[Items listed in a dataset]
-.-.-

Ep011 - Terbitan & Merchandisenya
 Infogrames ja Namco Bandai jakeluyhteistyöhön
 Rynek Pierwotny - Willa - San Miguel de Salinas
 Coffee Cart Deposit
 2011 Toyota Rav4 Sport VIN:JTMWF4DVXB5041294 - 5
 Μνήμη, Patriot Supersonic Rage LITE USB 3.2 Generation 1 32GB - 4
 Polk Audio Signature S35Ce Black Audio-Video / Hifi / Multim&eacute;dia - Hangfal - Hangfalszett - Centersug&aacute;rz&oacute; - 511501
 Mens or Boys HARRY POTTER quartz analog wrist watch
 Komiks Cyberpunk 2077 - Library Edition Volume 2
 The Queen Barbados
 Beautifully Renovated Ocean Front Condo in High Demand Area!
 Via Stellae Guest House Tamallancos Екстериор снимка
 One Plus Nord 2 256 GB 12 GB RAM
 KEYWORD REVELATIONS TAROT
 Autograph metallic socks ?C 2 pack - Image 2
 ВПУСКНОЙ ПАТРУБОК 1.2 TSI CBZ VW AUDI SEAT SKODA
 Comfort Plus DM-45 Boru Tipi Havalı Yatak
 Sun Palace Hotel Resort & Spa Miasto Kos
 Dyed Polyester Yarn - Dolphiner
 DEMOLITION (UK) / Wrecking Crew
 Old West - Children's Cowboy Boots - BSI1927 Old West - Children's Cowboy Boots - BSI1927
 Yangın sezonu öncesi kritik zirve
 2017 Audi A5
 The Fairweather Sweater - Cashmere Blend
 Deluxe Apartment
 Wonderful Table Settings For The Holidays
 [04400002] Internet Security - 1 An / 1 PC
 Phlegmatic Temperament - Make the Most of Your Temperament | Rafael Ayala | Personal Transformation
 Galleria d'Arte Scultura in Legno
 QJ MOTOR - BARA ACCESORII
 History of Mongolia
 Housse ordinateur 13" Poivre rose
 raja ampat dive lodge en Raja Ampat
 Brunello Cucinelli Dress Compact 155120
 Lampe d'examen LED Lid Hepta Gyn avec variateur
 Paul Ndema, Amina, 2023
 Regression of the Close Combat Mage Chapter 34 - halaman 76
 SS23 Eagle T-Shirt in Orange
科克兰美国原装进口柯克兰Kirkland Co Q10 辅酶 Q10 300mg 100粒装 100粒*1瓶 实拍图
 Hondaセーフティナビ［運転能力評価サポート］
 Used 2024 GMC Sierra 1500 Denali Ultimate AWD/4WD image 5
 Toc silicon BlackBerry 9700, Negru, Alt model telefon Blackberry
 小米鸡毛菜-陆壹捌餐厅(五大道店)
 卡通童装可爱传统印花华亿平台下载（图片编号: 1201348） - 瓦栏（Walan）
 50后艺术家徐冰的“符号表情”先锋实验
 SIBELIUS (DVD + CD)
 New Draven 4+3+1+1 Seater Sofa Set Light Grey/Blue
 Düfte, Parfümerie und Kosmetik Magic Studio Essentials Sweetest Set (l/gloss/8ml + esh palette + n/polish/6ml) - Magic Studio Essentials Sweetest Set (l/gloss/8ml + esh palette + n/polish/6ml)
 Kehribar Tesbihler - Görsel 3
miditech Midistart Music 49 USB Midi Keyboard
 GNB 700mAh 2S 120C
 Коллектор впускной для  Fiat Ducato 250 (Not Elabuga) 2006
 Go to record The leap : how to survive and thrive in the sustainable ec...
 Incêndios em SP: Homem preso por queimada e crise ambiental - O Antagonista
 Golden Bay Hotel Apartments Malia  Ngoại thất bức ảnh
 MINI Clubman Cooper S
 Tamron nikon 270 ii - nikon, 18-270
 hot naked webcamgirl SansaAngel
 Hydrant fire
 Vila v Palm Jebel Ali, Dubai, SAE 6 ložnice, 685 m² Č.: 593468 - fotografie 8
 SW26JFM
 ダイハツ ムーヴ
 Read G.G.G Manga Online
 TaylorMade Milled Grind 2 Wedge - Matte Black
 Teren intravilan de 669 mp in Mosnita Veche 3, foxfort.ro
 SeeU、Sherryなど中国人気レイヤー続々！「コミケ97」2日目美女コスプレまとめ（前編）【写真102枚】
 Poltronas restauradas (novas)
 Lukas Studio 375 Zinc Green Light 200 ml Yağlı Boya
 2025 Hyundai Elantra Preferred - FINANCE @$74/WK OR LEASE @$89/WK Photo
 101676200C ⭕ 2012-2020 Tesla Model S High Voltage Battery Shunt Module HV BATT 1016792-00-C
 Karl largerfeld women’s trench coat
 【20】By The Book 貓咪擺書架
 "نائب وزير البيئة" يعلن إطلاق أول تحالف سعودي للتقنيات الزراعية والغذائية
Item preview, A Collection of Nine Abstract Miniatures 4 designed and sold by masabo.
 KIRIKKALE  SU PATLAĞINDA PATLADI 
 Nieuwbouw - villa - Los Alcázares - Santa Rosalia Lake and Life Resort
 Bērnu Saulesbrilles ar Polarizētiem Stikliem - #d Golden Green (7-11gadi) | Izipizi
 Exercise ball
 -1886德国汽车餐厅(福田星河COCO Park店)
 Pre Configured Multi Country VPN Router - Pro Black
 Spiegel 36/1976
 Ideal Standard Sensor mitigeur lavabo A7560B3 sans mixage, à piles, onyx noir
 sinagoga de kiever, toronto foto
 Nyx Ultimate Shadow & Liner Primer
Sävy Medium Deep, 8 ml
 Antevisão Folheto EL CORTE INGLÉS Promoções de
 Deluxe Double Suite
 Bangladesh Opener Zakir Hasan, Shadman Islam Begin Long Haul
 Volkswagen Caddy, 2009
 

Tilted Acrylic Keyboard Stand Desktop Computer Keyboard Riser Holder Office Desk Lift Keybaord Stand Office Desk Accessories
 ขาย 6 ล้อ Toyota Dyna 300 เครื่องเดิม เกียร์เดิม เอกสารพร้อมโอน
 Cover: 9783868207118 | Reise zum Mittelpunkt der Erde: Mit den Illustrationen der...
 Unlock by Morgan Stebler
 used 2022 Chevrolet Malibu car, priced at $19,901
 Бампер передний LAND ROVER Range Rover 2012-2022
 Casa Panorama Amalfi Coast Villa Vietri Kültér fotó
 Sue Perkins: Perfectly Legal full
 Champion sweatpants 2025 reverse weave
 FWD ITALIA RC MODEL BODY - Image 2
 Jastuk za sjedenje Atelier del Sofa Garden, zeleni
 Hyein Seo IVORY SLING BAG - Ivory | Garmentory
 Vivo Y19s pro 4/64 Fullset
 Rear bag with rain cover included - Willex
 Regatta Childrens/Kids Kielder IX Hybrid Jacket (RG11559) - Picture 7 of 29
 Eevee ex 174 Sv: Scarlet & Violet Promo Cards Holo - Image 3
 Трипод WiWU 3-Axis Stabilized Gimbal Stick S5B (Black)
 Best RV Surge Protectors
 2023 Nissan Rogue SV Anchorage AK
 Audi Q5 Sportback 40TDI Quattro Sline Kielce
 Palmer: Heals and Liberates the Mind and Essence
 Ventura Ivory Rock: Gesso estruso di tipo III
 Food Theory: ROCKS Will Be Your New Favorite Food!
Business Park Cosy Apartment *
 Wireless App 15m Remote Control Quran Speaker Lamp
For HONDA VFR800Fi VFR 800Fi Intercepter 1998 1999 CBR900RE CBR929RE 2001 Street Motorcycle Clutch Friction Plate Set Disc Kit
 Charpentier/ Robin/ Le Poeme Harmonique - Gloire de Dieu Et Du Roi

-.-.-

Looking at the records above, return exactly the lines from the line with "History of Mongolia" to the line with "Go to record", both ends included.

 History of Mongolia
 Housse ordinateur 13" Poivre rose
 raja ampat dive lodge en Raja Ampat
 Brunello Cucinelli Dress Compact 155120
 Lampe d'examen LED Lid Hepta Gyn avec variateur
 Paul Ndema, Amina, 2023
 Regression of the Close Combat Mage Chapter 34 - halaman 76
 SS23 Eagle T-Shirt in Orange
科克兰美国原装进口柯克兰Kirkland Co Q10 辅酶 Q10 300mg 100粒装 100粒*1瓶 实拍图
 Hondaセーフティナビ［運転能力評価サポート］
 Used 2024 GMC Sierra 1500 Denali Ultimate AWD/4WD image 5
 Toc silicon BlackBerry 9700, Negru, Alt model telefon Blackberry
 小米鸡毛菜-陆壹捌餐厅(五大道店)
 卡通童装可爱传统印花华亿平台下载（图片编号: 1201348） - 瓦栏（Walan）
 50后艺术家徐冰的“符号表情”先锋实验
 SIBELIUS (DVD + CD)
 New Draven 4+3+1+1 Seater Sofa Set Light Grey/Blue
 Düfte, Parfümerie und Kosmetik Magic Studio Essentials Sweetest Set (l/gloss/8ml + esh palette + n/polish/6ml) - Magic Studio Essentials Sweetest Set (l/gloss/8ml + esh palette + n/polish/6ml)
 Kehribar Tesbihler - Görsel 3
miditech Midistart Music 49 USB Midi Keyboard
 GNB 700mAh 2S 120C
 Коллектор впускной для  Fiat Ducato 250 (Not Elabuga) 2006
 Go to record The leap : how to survive and thrive in the sustainable ec...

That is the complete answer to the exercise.